Records for this exercise:
☆ ☆ ☆ ☆

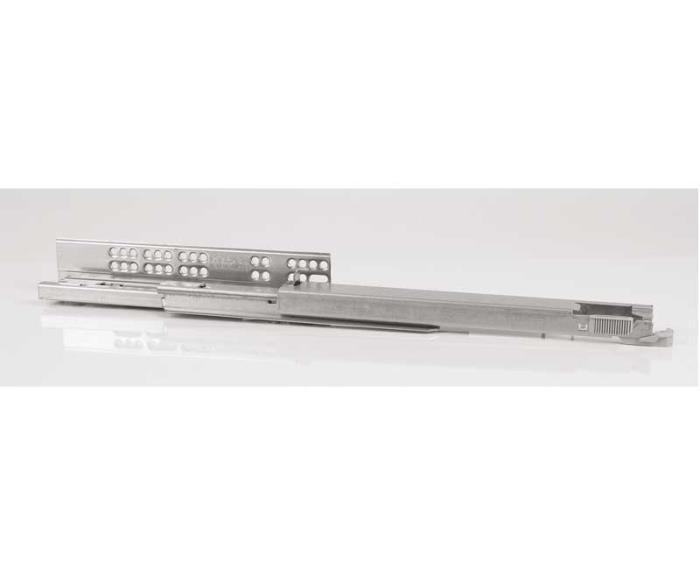 Vollauszug 400 Soft-close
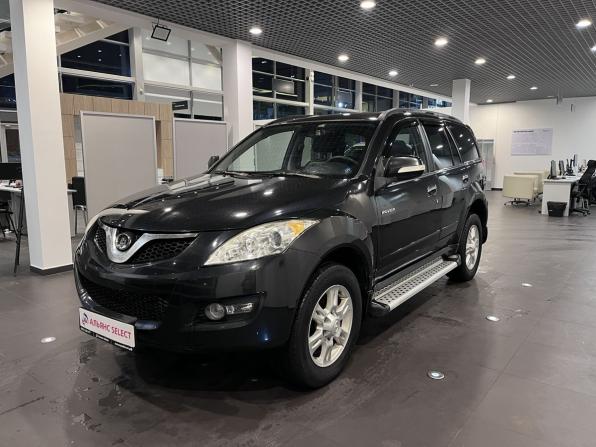 Great Wall Hover H5 с пробегом 2012 года, цена 670 000 рублей, 165180 км, внедорожник, Автокод Объявления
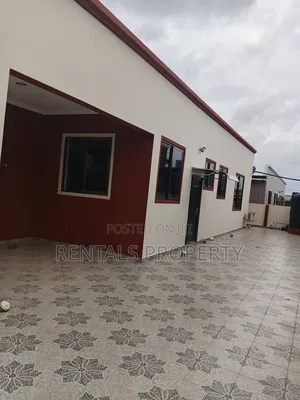 3bdrm House in Oyarifa Teimah, Pentecost for rent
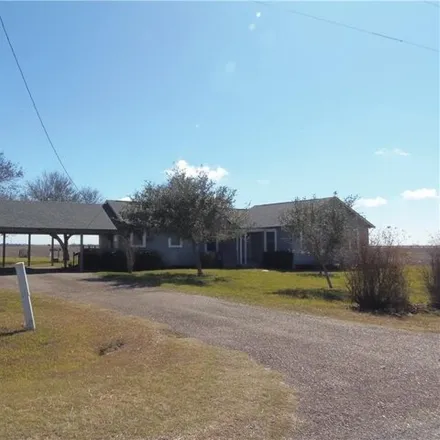 Rent this 3 bed house on 5974 County Road 81 in San Patricio County, TX 78390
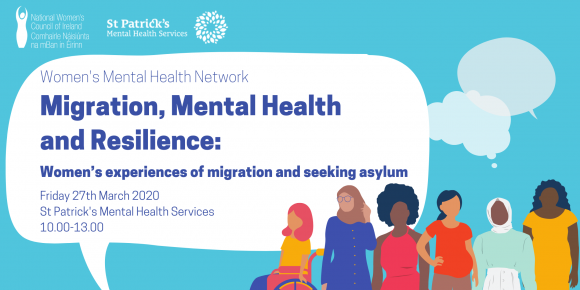 Migration, Mental Health and Resilience: Women’s Experiences of Migration and Seeking Asylum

☆ ☆ ☆ ☆

Task goal: Your task is to retype exactly the lines that run from the line with "3bdrm House in" through the last line of the material, with the pictures left out.

Written solution:
 3bdrm House in Oyarifa Teimah, Pentecost for rent
 Rent this 3 bed house on 5974 County Road 81 in San Patricio County, TX 78390
 Migration, Mental Health and Resilience: Women’s Experiences of Migration and Seeking Asylum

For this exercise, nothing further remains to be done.